**Exercise details:** Lines from the one with "Акумуляторний лобзик DeWalt DCS331" through the end of the records, and no others, are what the answer should contain, copied exactly; please keep pictures out.

(Provided data Opens)

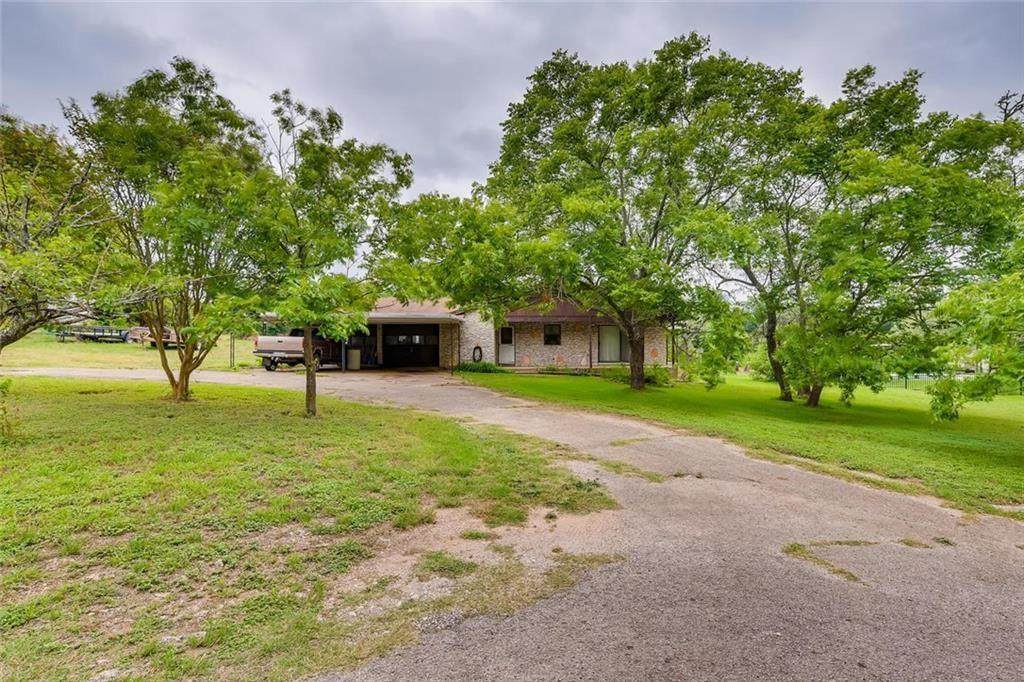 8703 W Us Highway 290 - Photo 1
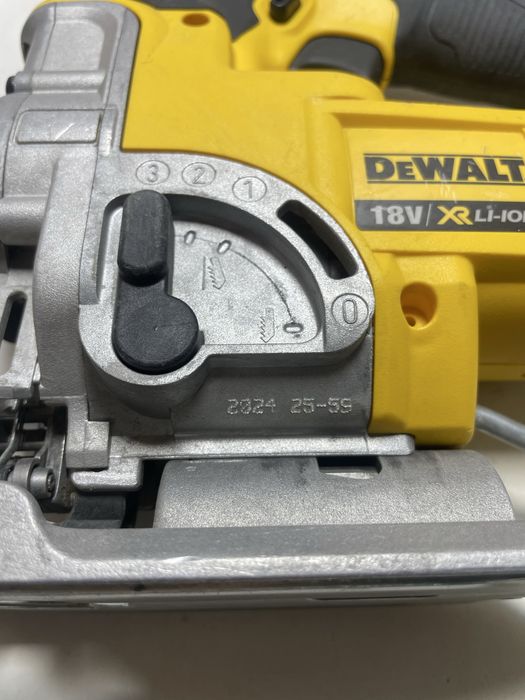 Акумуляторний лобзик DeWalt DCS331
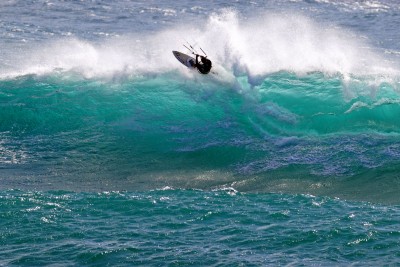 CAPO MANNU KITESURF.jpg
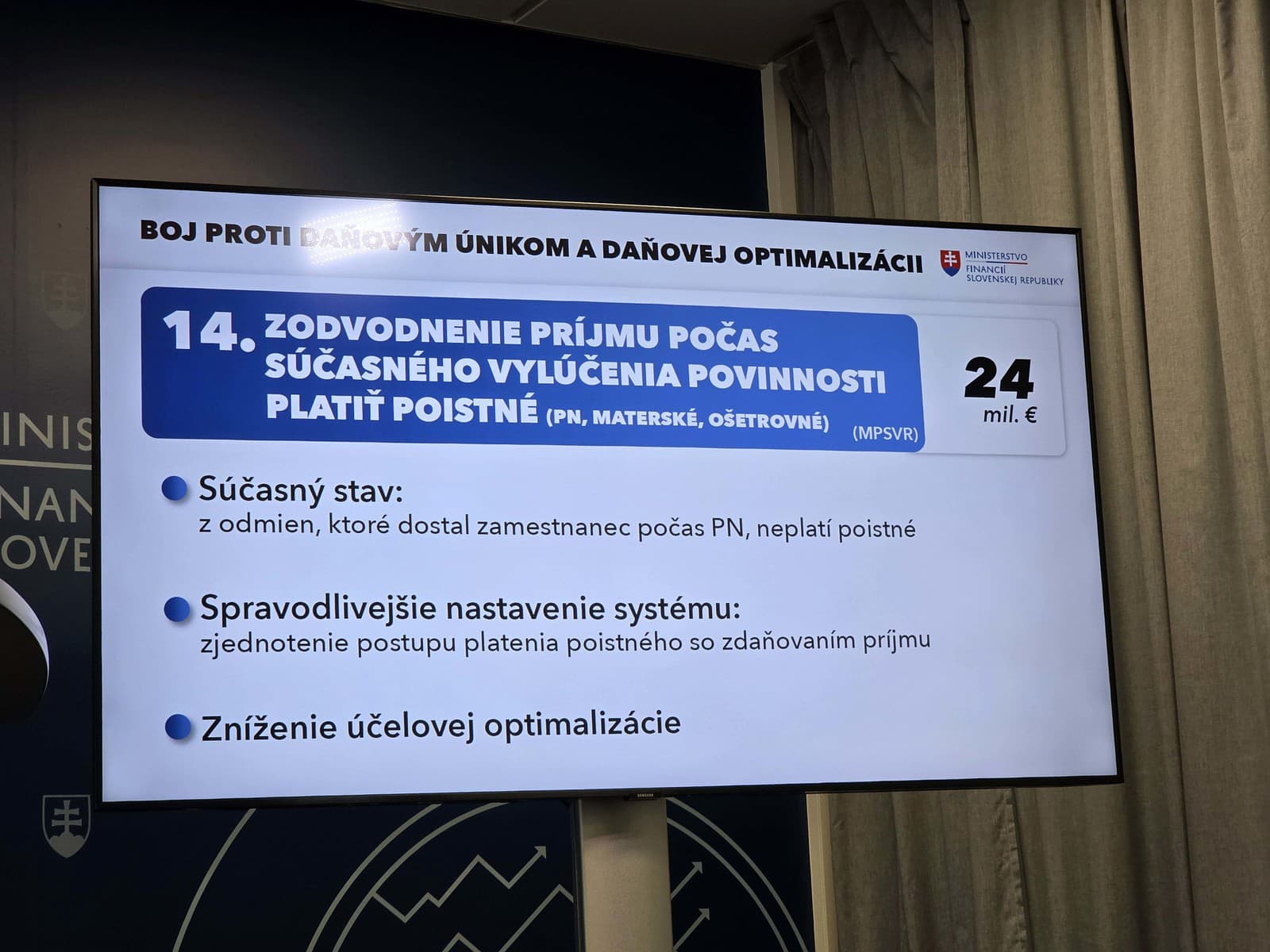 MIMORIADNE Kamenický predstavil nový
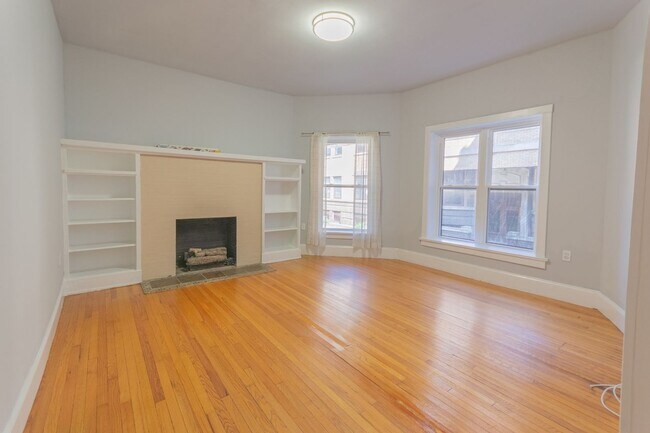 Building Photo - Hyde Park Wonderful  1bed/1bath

(Provided data Closes)

**Response to this task:**
 Акумуляторний лобзик DeWalt DCS331
 CAPO MANNU KITESURF.jpg
 MIMORIADNE Kamenický predstavil nový
 Building Photo - Hyde Park Wonderful  1bed/1bath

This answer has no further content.